GERÇEĞE YOLCULUK
Kainattaki
Mutlak Gerçeği bulmanız ve gönülden inanmanız dileğimle, Hızır (a.s.) öğüdü
gibi dost mektuba başlıyorum.
Son
ilahi Kitap Kur’an’ın ilk sözü “OKU !” ve Kur’an’da en çok tavsiye edilen
işlerden biri “DÜŞÜNMEK” ve “İBRET ALMAK” tır.
Ya bu
mesaj, hayat boyu dinlenilen, okunulan en önemli ve ölmeden, Dünya’dan
ayrılmadan önce yapılan kötü işlere, günahlara tövbe ettirecek, KURTULUŞA
ERDİRECEK olan dost tavsiyesi ise. BİR KERE İÇ DÜNYANIZDA DÜŞÜNSENİZ NE KAYBEDERSİNİZ?
Bu,
geniş bir pencereden, çeşitli boyutlardan Kainat’ın ve insanın niçin yaratıldığını, evrenleri,
hayatın bir imtihan olup, insanlığın Dünya’da ne yapması gerektiğini ve kabul
etmek zorunda kaldığı Evren’deki ilahi işaretler ve gerçeklerin gün ışığı gibi
algılanıp tespit edildiğini gösteren ve insanlar için kurtuluş ve gerçek
huzurun Kıyamet’e kadar baki olacak Gerçek Din İSLAM KANUNU’nda ve SİSTEMİ’nde
olduğunu inanmaya ve anlamaya DAVET’tir.
Dünya’da
birçok millet kendi dini veya kanununa gerçek ve doğru demektedir, o halde
Mutlak Gerçek nedir? İşte Mutlak Gerçeğin ölçüsü; zamana ve mekana göre
değişmezliktir!, Tek Yaratıcı’nın bir adı da Hakk yani Doğru,Gerçek olandır.
Allah’ın Kanunu’nda da değişiklik yoktur!
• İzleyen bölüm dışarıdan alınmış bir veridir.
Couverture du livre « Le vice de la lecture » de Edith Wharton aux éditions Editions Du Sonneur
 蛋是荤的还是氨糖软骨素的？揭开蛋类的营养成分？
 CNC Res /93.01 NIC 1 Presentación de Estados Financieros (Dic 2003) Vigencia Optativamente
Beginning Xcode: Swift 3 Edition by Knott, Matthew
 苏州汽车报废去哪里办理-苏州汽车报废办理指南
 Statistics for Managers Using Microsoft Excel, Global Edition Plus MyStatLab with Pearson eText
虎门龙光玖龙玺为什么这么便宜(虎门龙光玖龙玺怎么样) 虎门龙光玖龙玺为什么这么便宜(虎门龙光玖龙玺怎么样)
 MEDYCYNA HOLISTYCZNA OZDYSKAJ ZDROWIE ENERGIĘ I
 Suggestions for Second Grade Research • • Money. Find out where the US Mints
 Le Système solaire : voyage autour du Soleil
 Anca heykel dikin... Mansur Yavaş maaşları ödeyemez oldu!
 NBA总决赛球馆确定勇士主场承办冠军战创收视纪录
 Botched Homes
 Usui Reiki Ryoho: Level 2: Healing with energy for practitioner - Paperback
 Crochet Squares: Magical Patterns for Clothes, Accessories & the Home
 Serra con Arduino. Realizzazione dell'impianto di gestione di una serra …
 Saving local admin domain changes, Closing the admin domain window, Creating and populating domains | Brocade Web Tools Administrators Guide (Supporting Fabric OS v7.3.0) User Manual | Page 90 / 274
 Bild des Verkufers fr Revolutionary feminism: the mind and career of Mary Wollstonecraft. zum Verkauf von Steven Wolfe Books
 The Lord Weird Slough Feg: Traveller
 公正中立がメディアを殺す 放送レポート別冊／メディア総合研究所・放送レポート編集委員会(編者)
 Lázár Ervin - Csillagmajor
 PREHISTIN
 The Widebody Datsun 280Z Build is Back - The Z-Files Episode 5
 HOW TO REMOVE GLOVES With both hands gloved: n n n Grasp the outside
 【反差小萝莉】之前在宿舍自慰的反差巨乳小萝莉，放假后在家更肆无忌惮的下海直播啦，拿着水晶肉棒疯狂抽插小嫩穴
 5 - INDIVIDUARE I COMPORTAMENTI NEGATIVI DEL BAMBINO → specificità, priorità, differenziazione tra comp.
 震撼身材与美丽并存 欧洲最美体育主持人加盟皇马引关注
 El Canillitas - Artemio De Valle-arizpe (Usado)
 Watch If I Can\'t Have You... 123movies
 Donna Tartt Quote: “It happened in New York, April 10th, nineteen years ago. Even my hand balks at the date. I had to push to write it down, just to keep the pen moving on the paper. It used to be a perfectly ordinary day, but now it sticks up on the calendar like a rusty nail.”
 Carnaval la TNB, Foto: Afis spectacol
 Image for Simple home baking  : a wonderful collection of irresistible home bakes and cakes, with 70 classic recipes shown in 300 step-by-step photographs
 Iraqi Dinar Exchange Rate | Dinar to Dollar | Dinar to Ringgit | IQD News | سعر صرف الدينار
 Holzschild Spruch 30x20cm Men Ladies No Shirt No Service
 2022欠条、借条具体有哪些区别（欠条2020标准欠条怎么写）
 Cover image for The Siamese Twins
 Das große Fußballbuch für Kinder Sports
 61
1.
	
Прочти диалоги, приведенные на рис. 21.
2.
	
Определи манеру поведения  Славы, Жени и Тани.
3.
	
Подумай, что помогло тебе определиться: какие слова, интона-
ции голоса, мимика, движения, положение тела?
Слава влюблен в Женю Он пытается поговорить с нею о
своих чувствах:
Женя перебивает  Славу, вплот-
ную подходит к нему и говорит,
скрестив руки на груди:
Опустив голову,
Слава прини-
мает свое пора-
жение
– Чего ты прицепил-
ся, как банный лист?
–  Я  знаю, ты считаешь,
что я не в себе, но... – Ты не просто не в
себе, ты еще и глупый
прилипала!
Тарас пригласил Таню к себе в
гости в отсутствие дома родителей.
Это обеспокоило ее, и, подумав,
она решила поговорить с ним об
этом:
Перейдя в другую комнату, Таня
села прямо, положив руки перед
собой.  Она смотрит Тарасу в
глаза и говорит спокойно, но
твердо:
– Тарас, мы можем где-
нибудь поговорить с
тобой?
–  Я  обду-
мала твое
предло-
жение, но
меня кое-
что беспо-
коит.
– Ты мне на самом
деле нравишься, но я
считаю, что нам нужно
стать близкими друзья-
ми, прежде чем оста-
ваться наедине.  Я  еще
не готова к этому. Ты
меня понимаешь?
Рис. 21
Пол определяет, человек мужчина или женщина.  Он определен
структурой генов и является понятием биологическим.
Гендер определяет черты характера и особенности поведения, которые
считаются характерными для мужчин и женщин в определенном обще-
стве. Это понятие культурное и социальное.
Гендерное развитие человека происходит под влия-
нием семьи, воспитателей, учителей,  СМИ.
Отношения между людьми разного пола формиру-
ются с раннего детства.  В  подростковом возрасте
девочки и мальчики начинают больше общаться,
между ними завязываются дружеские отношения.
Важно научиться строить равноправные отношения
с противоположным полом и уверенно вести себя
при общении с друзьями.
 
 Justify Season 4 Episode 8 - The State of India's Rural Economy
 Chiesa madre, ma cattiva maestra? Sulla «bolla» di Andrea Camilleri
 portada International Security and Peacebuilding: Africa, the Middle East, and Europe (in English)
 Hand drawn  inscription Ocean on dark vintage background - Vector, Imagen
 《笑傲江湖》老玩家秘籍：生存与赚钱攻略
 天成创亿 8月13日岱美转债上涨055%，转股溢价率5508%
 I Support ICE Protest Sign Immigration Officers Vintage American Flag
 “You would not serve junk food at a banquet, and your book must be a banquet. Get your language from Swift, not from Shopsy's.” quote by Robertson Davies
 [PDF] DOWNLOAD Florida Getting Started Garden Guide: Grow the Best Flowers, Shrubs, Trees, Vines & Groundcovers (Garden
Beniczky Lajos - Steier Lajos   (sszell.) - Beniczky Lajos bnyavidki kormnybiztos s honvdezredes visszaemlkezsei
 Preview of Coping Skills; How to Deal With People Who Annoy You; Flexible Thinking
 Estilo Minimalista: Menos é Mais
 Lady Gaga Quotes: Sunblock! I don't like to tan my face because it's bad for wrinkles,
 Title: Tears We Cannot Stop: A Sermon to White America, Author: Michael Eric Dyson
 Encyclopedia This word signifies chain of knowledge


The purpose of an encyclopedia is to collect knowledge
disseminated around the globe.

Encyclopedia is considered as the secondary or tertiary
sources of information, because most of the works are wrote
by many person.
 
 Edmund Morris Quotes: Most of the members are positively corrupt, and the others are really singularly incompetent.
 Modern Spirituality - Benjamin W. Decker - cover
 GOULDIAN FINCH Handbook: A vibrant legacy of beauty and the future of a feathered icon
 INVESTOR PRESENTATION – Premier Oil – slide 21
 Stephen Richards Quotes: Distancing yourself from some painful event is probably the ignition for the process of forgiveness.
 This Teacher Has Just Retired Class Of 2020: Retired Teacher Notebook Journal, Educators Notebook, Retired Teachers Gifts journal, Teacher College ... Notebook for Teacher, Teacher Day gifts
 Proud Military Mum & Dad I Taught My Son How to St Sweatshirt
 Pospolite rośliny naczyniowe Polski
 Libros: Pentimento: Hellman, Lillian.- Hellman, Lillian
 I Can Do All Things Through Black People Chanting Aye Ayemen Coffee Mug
Gerçek, yalan ve sahte olmayandır.
Düşünen ve araştıran için Gerçeğin,Doğrunun işaretleri ve kanıtları vardır.
Alemleri ve insanı Yaratan, düzenleyen, insanlığın ihtiyaçlarını en iyi bilen
Sonsuz Güç Sahibi, Ölümsüz Allah’ın, cinlerin elçileri de dahil 228 bin
peygamberle devamlı bildirdiği, en son olarak da Hz.Muhammed Peygamberle
insanlığa sunulan İslam Dini ve Kanunu’dur, Mutlak Doğru ve Huzura götürecek
olan!
İnsanlık
bilim, teknoloji ve keşifte ilerledikçe İslam’ın hükümlerinin doğruluğu,
gerçekliği ve faydaları daha iyi anlaşılıyor. Kur’an’da da bildirilen, bugün
uzayda Karadelik Tünellerinden Öbür Alemlere, Evrenlere geçildiği bile tespit
edildi. Fakat bütün bunlara rağmen inat, gurur, kibir vs. yüzünden bile bile
inkar eden bahtsızları Büyük Hesap Görücü’ye havale edelim!
Bütün
Kainat’ın yaratılış sırrı Hz.Muhammed(a.s.)’ın dile getirdiği şu kudsi hadisde
berraklaşıyor ve Alemlerin Rabbi buyuruyor ki: “Ben gizli bir hazine idim,
bilinmeyi diledim, bunun için varlıkları yarattım.”
Yüce
Yaratıcı’nın son peygamberi Hz.Muhammed(a.s.)’in tebliğ ettiği Kur’an’daki
yazıyla “Allah” ismi Evren’in her yerinden muhteşem şekilde aksediyor: İnsanın
kalbinde, arıların peteğinde, balıkların kanadında, kuzunun üstünde, soğanın
zarında, dağın üzerinde, Ay’ın morötesi ışın fotoğrafında, ve daha nice yerlerde!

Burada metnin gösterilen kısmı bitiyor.